In Würde altern ?
Es war im Jahr 2008, mitten im heißen Sommer, als Agadir vor dem Bürgermeisteramt einer kleinen italienischen
Gemeinde ausgesetzt wurde. Ein reinrassiger Neufundländerrüde, abgeschoben in einem Land, dass für solch einen
Hund mit seinem heißen Klima sowieso schon schwer erträglich ist. Abgemagert, verfilzt und schwitzend wurde er
eingefangen und in ein kleines Privattierheim gebracht, das die Hunde nur aufnimmt, um mit dem Leid der lebenslang dort
begrabenen Kreaturen Geld zu verdienen. Dort wurde Agadir in ein kleines Gehege gepfercht und einfach vergessen ...
Wenn er nicht das Glück gehabt hätte, dass die für ihn zuständige Gemeinde die Verträge mit seinem
alten Tierheim gekündigt und ihre Hunde zu uns gebracht hätte, wäre er dort wohl elend gestorben, ohne jemals
wieder so etwas wie Zuwendung oder eine streichelnde Hand gespürt zu haben.

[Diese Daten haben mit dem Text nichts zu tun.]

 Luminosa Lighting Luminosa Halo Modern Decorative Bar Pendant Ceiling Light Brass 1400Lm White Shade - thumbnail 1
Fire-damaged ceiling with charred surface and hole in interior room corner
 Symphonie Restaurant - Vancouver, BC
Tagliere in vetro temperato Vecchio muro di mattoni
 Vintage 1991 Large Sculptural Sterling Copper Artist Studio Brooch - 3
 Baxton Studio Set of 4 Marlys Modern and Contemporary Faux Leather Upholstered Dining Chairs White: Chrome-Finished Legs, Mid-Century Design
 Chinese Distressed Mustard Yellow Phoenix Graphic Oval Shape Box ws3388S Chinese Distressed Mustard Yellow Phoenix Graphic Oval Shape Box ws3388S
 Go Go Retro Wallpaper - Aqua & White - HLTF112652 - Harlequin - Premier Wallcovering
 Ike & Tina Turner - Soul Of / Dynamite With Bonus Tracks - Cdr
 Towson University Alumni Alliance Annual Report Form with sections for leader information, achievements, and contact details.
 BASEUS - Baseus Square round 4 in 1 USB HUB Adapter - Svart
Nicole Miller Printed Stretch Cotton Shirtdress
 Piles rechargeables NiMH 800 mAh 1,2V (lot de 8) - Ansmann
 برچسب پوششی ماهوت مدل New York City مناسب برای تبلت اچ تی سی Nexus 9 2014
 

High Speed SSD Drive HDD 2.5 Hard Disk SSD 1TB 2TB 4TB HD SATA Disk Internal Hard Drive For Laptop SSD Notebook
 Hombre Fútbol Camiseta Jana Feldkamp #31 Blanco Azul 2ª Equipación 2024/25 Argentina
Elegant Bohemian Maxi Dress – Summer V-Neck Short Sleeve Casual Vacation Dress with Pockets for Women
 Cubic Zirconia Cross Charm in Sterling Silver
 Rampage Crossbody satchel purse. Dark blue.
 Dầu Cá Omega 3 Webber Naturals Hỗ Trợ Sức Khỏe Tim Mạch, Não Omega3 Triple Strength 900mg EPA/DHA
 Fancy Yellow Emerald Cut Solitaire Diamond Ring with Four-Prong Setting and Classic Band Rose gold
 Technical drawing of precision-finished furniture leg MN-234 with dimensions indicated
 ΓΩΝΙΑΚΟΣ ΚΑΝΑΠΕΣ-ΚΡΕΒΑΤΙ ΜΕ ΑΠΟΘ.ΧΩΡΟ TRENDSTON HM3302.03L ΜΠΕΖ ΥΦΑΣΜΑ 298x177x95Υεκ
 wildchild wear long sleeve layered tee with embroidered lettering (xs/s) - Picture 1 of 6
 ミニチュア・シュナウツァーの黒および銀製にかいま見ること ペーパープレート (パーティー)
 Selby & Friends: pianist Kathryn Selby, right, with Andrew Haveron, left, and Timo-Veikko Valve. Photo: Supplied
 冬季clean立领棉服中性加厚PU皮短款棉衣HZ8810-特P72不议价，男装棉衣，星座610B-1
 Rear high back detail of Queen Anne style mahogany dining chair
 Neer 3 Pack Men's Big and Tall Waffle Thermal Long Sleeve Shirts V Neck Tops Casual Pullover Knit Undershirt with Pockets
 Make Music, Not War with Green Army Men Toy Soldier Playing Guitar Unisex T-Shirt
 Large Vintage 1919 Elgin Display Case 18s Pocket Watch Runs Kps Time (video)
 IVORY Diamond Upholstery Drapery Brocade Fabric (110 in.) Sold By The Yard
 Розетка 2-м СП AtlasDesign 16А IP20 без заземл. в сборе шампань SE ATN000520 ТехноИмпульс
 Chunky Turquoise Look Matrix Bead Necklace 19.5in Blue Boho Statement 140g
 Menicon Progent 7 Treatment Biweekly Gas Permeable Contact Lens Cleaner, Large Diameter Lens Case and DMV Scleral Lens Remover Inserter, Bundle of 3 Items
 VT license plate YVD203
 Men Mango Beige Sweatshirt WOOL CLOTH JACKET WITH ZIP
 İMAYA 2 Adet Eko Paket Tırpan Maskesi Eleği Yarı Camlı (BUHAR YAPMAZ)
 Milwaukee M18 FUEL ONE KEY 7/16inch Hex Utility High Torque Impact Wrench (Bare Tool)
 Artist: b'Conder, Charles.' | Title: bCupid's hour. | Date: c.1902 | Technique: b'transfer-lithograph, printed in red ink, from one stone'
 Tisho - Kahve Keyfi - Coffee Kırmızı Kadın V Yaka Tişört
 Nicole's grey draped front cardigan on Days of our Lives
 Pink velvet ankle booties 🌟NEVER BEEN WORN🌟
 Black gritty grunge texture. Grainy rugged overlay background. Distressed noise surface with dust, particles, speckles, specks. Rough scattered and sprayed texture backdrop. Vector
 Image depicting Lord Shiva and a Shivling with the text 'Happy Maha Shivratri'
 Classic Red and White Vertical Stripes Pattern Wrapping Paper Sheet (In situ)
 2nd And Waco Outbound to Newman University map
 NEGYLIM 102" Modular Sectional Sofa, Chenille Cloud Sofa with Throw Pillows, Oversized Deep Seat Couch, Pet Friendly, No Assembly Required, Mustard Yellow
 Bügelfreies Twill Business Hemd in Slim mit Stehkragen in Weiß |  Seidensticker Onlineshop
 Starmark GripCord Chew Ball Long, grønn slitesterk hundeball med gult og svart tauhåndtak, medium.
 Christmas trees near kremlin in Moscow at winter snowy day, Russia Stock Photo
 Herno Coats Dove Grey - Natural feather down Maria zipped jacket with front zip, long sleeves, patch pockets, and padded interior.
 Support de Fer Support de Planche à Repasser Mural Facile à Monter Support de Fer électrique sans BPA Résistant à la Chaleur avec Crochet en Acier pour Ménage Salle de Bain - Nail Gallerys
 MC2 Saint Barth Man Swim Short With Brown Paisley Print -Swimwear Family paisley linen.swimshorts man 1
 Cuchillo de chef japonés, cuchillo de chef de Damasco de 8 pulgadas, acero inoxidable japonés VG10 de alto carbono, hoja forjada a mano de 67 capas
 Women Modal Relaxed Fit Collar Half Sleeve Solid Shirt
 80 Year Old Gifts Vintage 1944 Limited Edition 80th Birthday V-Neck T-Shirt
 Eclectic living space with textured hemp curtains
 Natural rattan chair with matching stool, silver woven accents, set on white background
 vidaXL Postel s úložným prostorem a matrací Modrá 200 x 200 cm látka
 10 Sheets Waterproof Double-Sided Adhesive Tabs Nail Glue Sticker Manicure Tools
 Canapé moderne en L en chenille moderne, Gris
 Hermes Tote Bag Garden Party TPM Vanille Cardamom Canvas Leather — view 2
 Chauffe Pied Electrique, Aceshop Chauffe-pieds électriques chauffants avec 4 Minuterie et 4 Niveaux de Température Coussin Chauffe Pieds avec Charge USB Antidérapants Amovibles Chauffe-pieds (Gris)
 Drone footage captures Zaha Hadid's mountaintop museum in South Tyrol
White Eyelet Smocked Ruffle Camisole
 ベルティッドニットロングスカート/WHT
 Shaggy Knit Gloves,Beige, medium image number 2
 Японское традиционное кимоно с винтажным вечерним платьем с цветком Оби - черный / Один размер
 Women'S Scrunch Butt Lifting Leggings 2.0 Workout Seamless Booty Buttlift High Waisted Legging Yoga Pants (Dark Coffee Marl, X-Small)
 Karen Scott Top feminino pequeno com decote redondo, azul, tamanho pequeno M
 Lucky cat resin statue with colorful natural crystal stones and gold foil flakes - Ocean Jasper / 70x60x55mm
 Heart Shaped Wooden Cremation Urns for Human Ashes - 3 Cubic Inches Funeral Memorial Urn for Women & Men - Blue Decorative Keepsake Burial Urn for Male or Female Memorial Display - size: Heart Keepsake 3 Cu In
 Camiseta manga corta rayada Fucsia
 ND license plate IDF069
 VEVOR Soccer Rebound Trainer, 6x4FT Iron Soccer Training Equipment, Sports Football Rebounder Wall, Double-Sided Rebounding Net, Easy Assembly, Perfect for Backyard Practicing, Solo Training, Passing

Aber im Mai 2011 kam Agadir bei uns an: ein
verfilztes Knochengestell, körperlich, seelisch und gesundheitlich komplett am Ende, ein Häufchen Elend, in dem
nicht mehr viel Leben steckte. Er war mehr tot als lebendig und wir hatten erwartet, dass er uns zwischen den Fingern
wegsterben würde, ohne dass wir noch viel für ihn hätten tun können.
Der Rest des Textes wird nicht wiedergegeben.